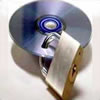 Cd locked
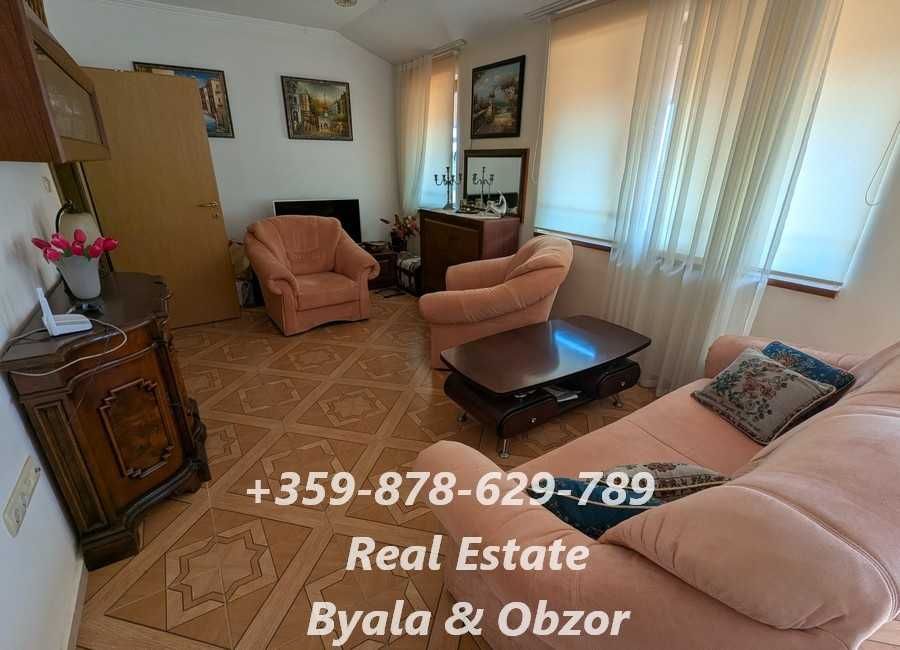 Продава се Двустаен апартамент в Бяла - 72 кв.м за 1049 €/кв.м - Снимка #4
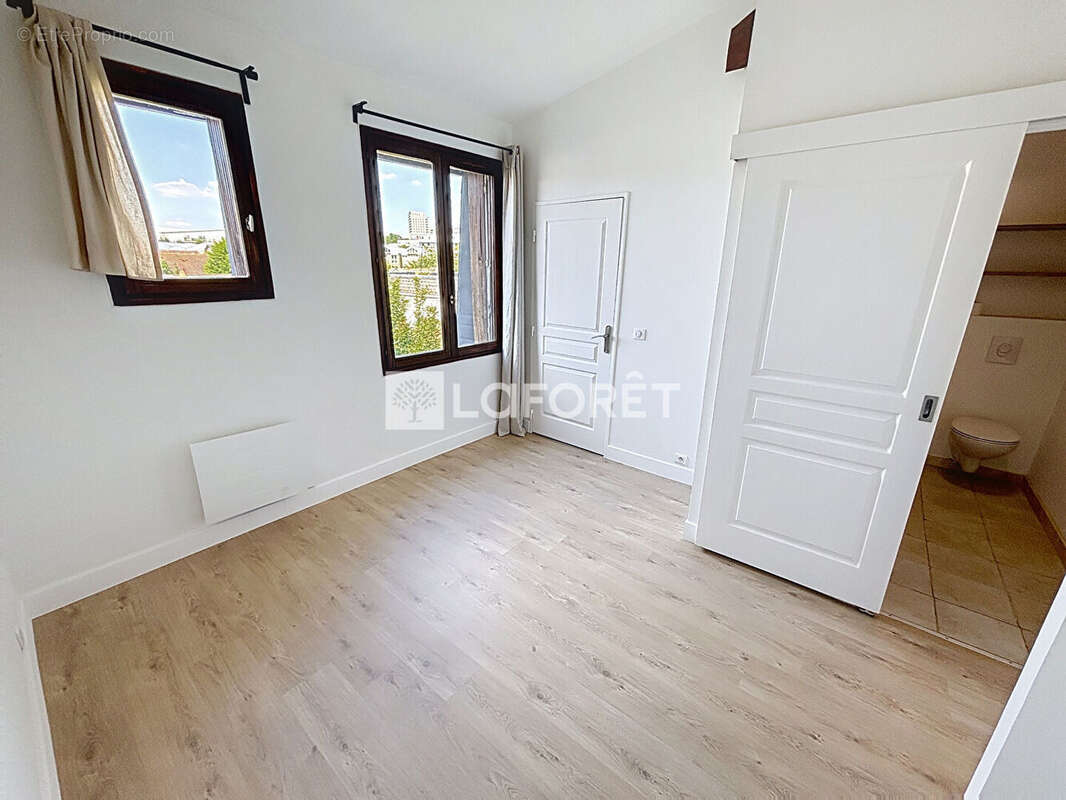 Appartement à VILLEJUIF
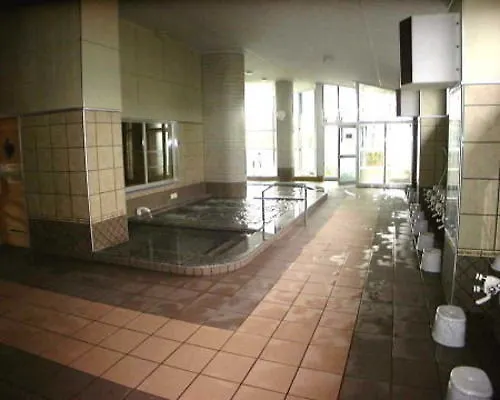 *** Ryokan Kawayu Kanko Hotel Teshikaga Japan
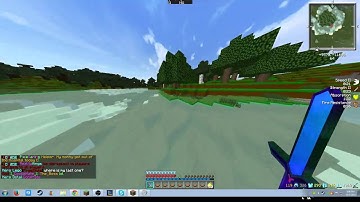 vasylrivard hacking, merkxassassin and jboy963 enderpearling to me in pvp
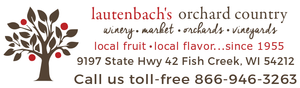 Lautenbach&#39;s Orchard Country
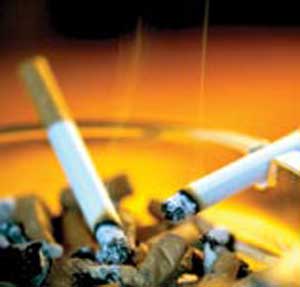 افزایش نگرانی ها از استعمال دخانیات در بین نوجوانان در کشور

## What is required
The result should be the full material above, word for word, with its pictures omitted.

## Response to this exercise
 Cd locked
 Продава се Двустаен апартамент в Бяла - 72 кв.м за 1049 €/кв.м - Снимка #4
 Appartement à VILLEJUIF
 *** Ryokan Kawayu Kanko Hotel Teshikaga Japan
 vasylrivard hacking, merkxassassin and jboy963 enderpearling to me in pvp
 Lautenbach&#39;s Orchard Country
 افزایش نگرانی ها از استعمال دخانیات در بین نوجوانان در کشور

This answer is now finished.